## The task
Would it be possible to output exactly, and only, the lines below from the one holding "14). Spacious, unfurnished" to the last line, both included, with every picture left out?

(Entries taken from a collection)
"""

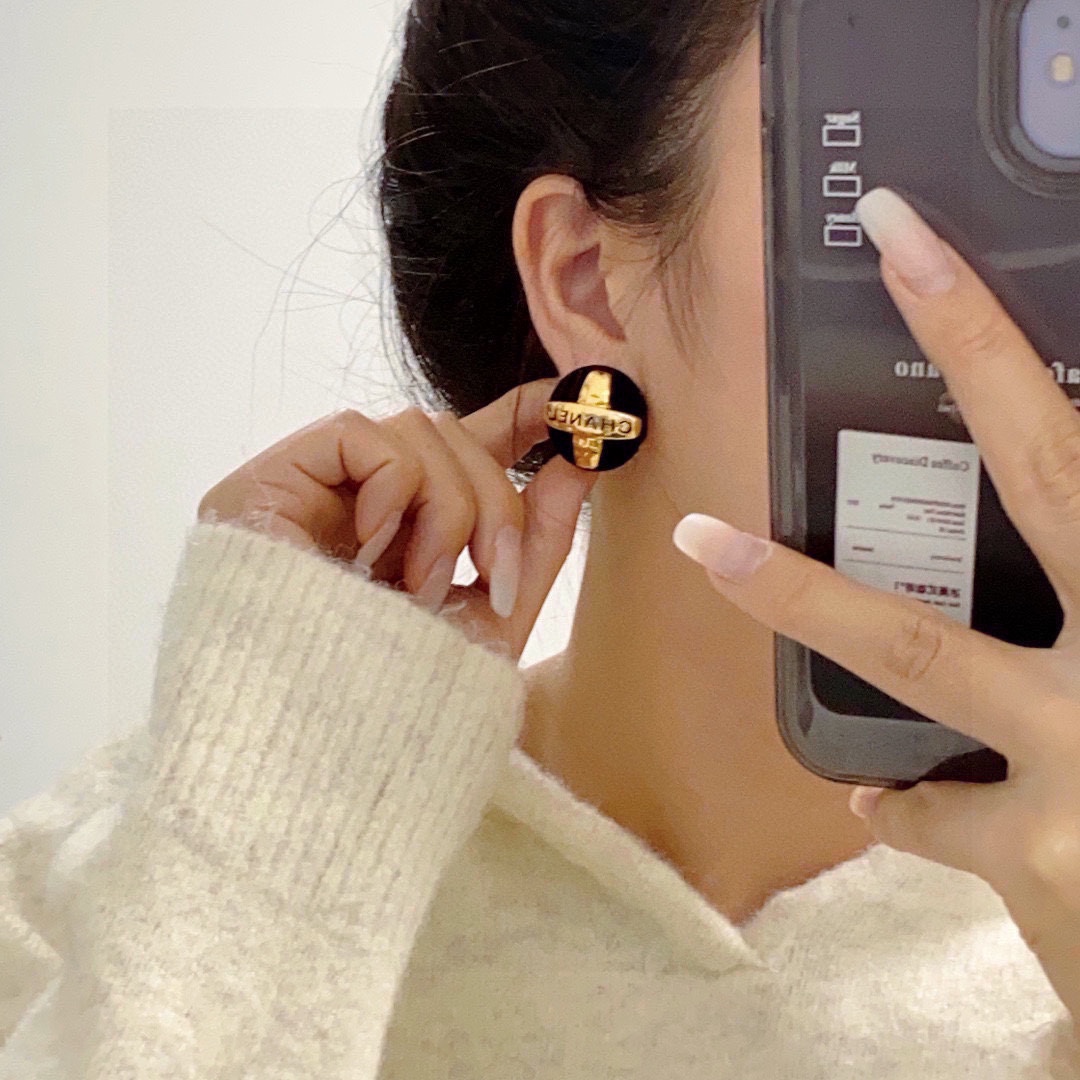 NO:110260,Chanel's medieval style, double C high-end plush autumn and winter style earrings, beauty can never beat classics, and Chanel in the golden age is the most classic.  It is also the most delicious woman independent, elegant, charming, intellectual, and medieval, luxurious, not complicated, dual C classic and versatile, simple, not simple, 925 silver needles, jewelry fine, chanel, gold19860909香奈儿 中古款 字母双C高版本毛绒秋冬款耳钉 美丽永远敌不过经典 黄金时期的香奈就是最经典．也是最有味道的 女人独立优雅魅力知性中古 奢华不繁复 双C经典百搭 简约不简单925银针,饰品精品,chanel,gold,Jewelry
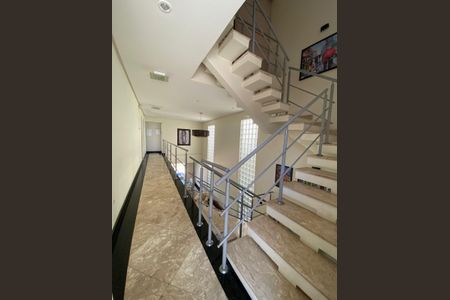 Escada de casa para alugar com 4 quartos, 230m² em Suru, Barueri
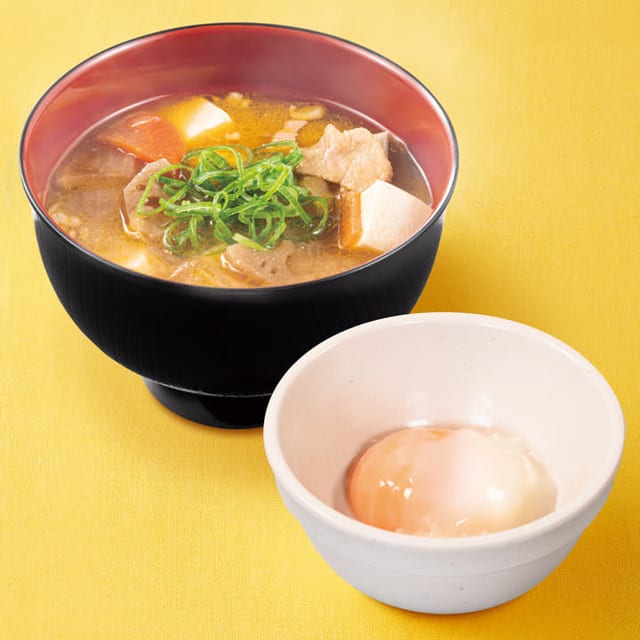 豚汁半熟玉子セット（松屋）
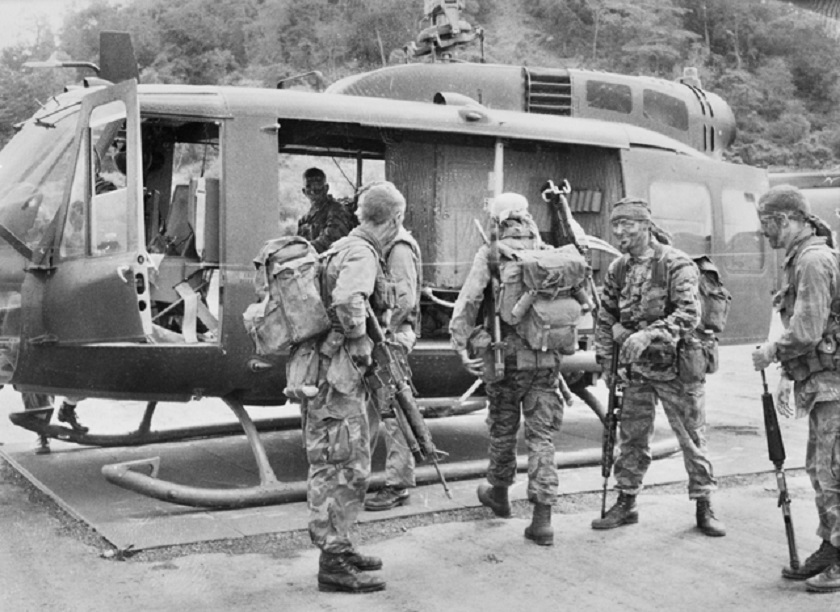 ​Бойцы 2-го эскадрона SASR при погрузке в вертолёт 9-й австралийской эскадрильи, 1968 год awm.gov.au - Элитный спецназ «Зелёного континента» | Warspot.ru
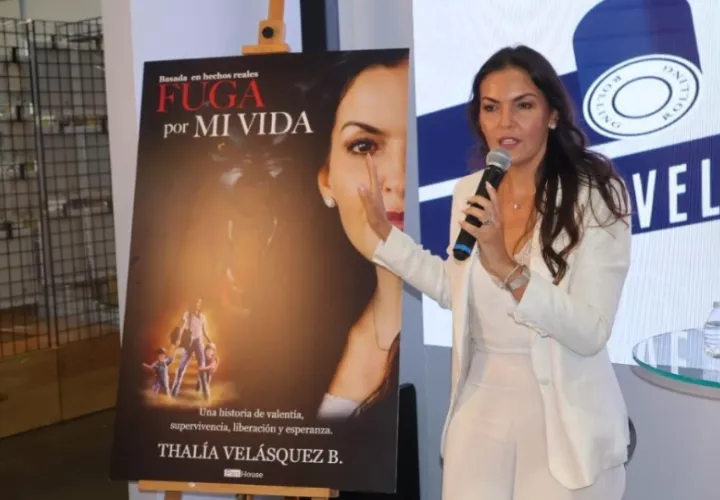Thalía Velásquez en la Feria del Libro. Foto: Cortesía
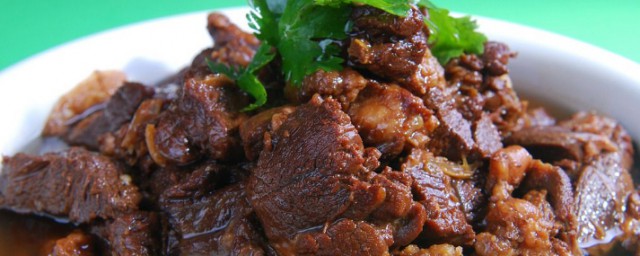 怎么做炖狗肉(炖狗肉的家常做法窍门)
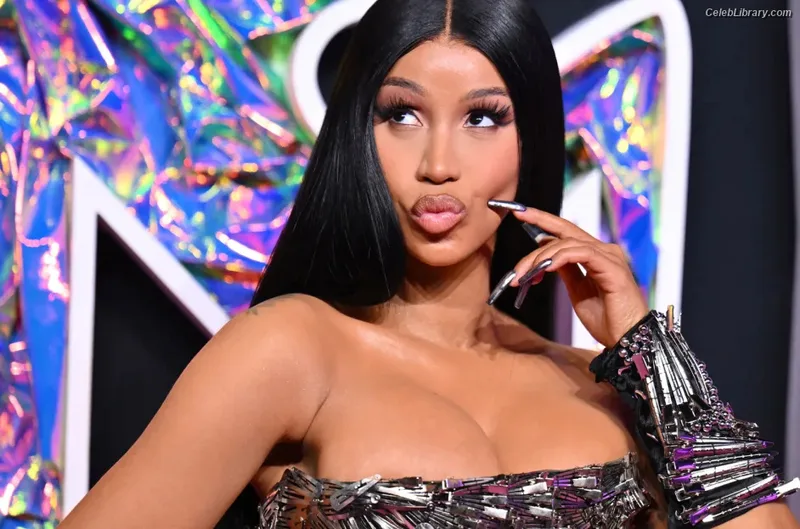 Cardi B photo 10 of 497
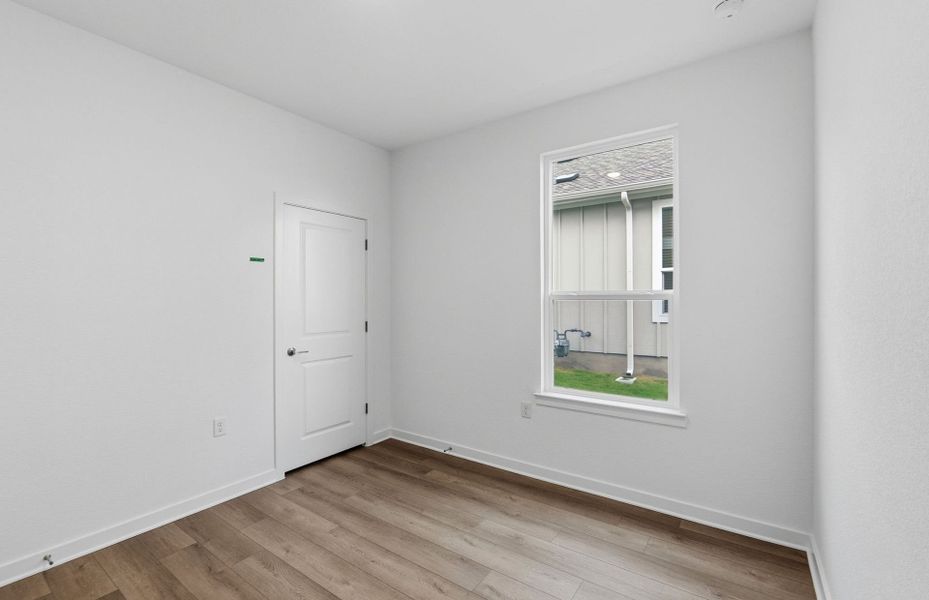 Spacious, unfurnished interior of a new home in Sun City Texas, Georgetown (Image 14). Spacious, unfurnished interior of a new home in Sun City Texas, Georgetown (Image 14).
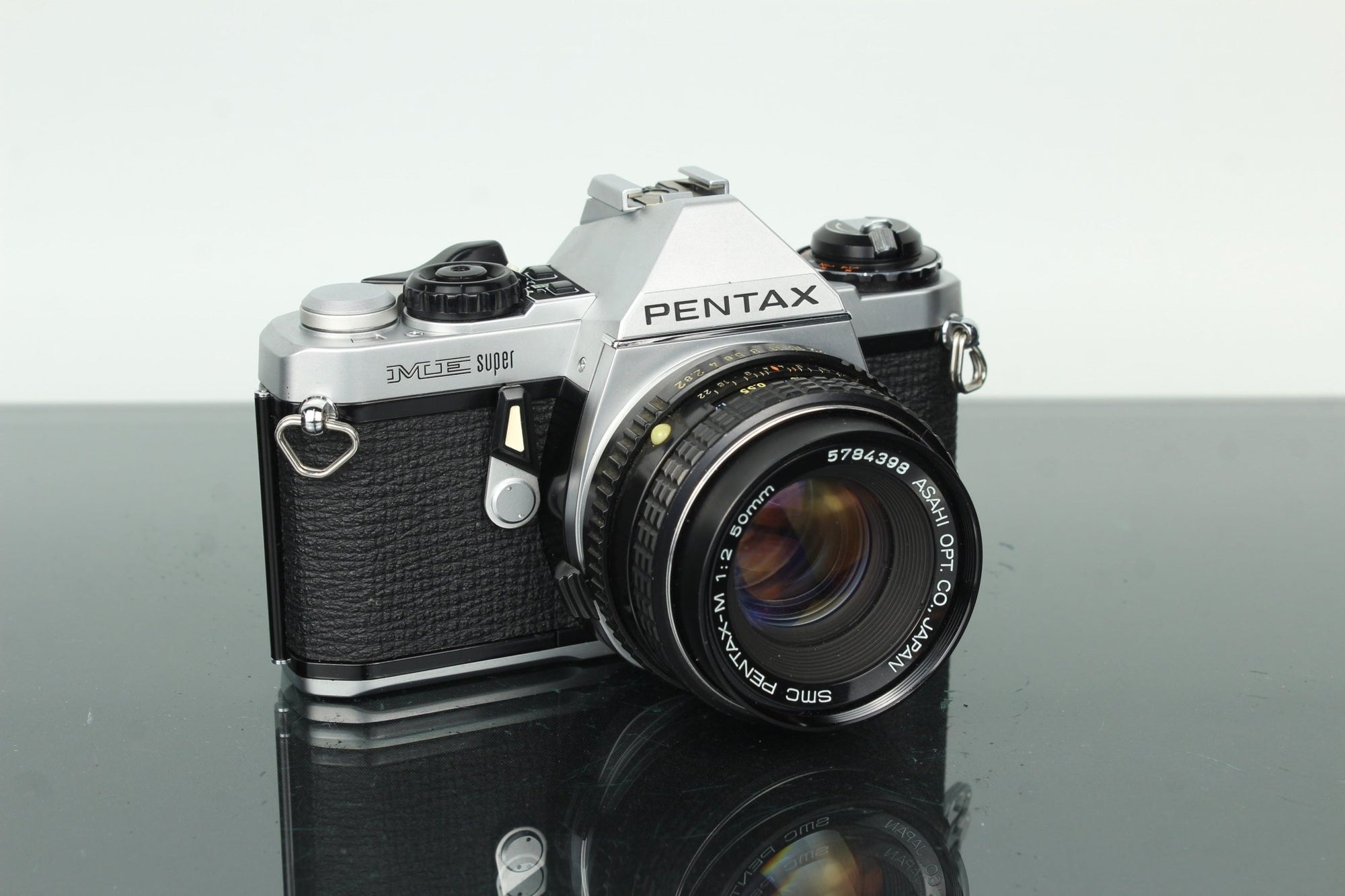 Pentax ME Super + Pentax - M 1:2 50mm - Dutch|Thrift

"""

## Final answer
 Spacious, unfurnished interior of a new home in Sun City Texas, Georgetown (Image 14). Spacious, unfurnished interior of a new home in Sun City Texas, Georgetown (Image 14).
 Pentax ME Super + Pentax - M 1:2 50mm - Dutch|Thrift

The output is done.